図9のステップS803で抽出された全罫線を計数し、他の罫線と接触せずに単独に存在しているか否かを判別する(ステップS901,S902)。単独存在していれば単独罫線として登録する(ステップS902;YES、ステップS903)。以上の処理を全ての罫線に対して行う(ステップS904)。次に、単独罫線を計数し、単独罫線を判別された単独罫線周囲近傍の黒画素密度を求めてその値が所定値のG値以上であれば(ステップS905、ステップS906;YES)、つぶれ文字上に誤認識された罫線と判別して罫線として登録していたものを無効化する(ステップS907)。全単独罫線に対して判別処理が終了すれば(ステップS908;YES)、無効化罫線数が所定値のH値以上であれば、つぶれ画像であると判定する(ステップS909;YES、ステップS910)。
【0024】
また、図9のステップS803での罫線認識処理の別の例を図11に従って説明する。図9のステップS803で抽出された全罫線を計数し、他の罫線と接触せずに単独に存在しているか否かを判別する(ステップS1001,S1002)。単独存在していれば単独罫線として登録する(ステップS1002;YES、ステップS1003)。以上の処理を全ての罫線に対して行う(ステップS1004)。次に、単独罫線と判別された罫線に対して、その罫線範囲内を処理対象としてラン抽出処理を行う(ステップS1005,S1006)。その結果、抽出されたランの数が所定値のF値以上であれば、かすれ罫線であると判定して登録する(ステップS107;YES、ステップS1008)。以上の処理を全ての単独罫線に対して行う(ステップS1009)。次に、かすれ罫線と判別された罫線の数が所定値のY値以上であれば、かすれ画像であると判定する(ステップS1010;YES、ステップS1011)。
【0025】
次に、図12は本発明のシステム構成を示すブロック図である。つまり、同図は上記各実施の形態における画像特性判別処理方法によるソフトウェアを実行させるマイクロプロセッサ等から構築されるハードウェアを示すものである。同図において、画像特性判別処理システムはインターフェース(以下I/Fと略す)121、CPU122、ROM123、RAM124、表示装置125、ハードディスク126、キーボード127及びCD−ROMドライブ128を含んで構成されている。また、汎用の処理装置を用意し、CD−ROMなどの読取可能な記憶媒体129には、本発明の画像特性判別処理方法を実行させるプログラムが記録されている。更に、I/F121を介して外部装置から制御信号が入力され、キーボード127によって操作者による指令又は自動的に本発明のプログラムが起動される。そして、CPU122は当該プログラムに従って上述の画像特性判別処理方法を施し、その処理結果をRAM124やハードディスク126等の記録装置に格納し、必要により表示装置125などに出力する。以上のように、本発明の画像特性判別処理方法を実行するプログラムが記憶した媒体を用いることにより、既存のシステムを変えることなく、かつ画像特性判別処理システムを構築する装置を汎用的に使用することができる。
【0026】
なお、本発明は上記実施の形態に限定されるものではなく、特許請求の範囲内の記載であれば多種の変形や置換可能であることは言うまでもない。
【図面の簡単な説明】
【0027】
【図1】本発明の第1の実施の形態に係る画像特性判別処理方法の全体動作を示すフローチャートである。

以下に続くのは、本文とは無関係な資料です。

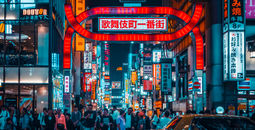 Kabukicho, Shinjuku, Japan, at night.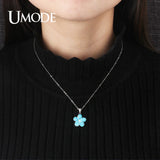 Sterling Silver Daisy Flower Pendant Opal Slide Charm Necklace ULN0482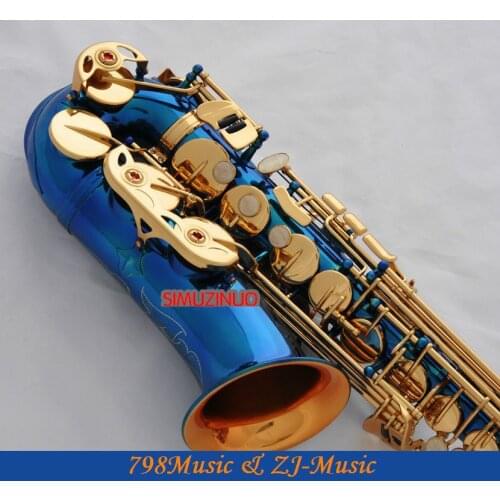 Blue Paint Gold Bell Alto saxophone Sax High F# Eb Keys saxofon With Case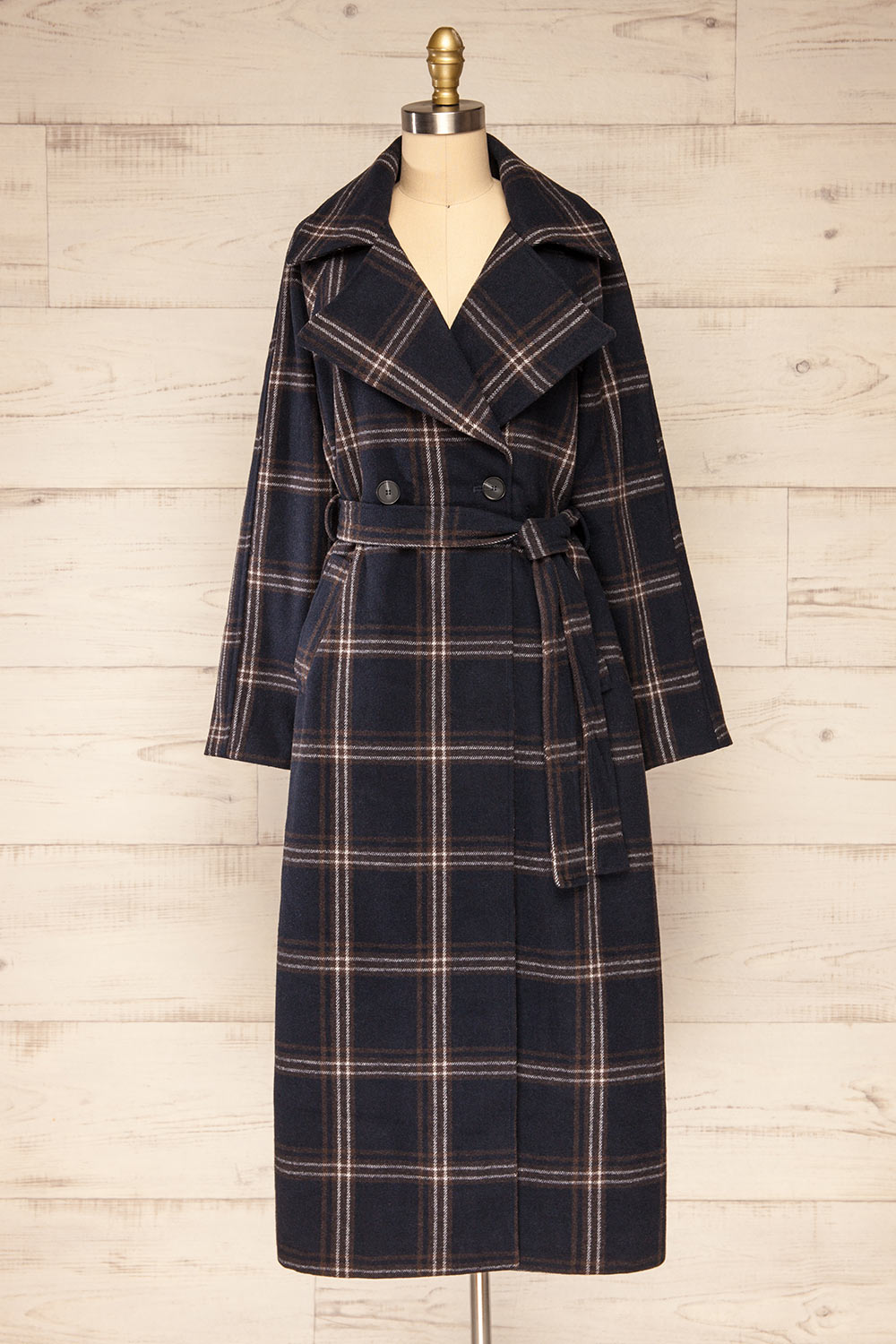 Queenstown Navy Plaid Trench Coat | La petite garçonne front view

【図2】第1の実施の形態におけるラン抽出動作の一例を示すフローチャートである。
【図3】第1の実施の形態における罫線認識処理動作の一例を示すフローチャートである。
【図4】第1の実施の形態におけるつぶれ領域候補抽出処理動作の一例を示すフローチャートである。
【図5】第1の実施の形態における画像認識対象の一例を示す図である。
【図6】第1の実施の形態における画像特性判別処理動作の一例を示すフローチャートである。
【図7】第1の実施の形態における画像特性判別処理動作の別の例を示すフローチャートである。
【図8】第1の実施の形態におけるつぶれ領域候補抽出処理動作の別の例を示すフローチャートである。
【図9】本発明の第2の実施の形態に係る画像特性処理方法の全体動作を示すフローチャートである。
【図10】第2の実施の形態における罫線認識処理動作の一例を示すフローチャートである。
【図11】第2の実施の形態における罫線認識処理動作の別の例を示すフローチャートである。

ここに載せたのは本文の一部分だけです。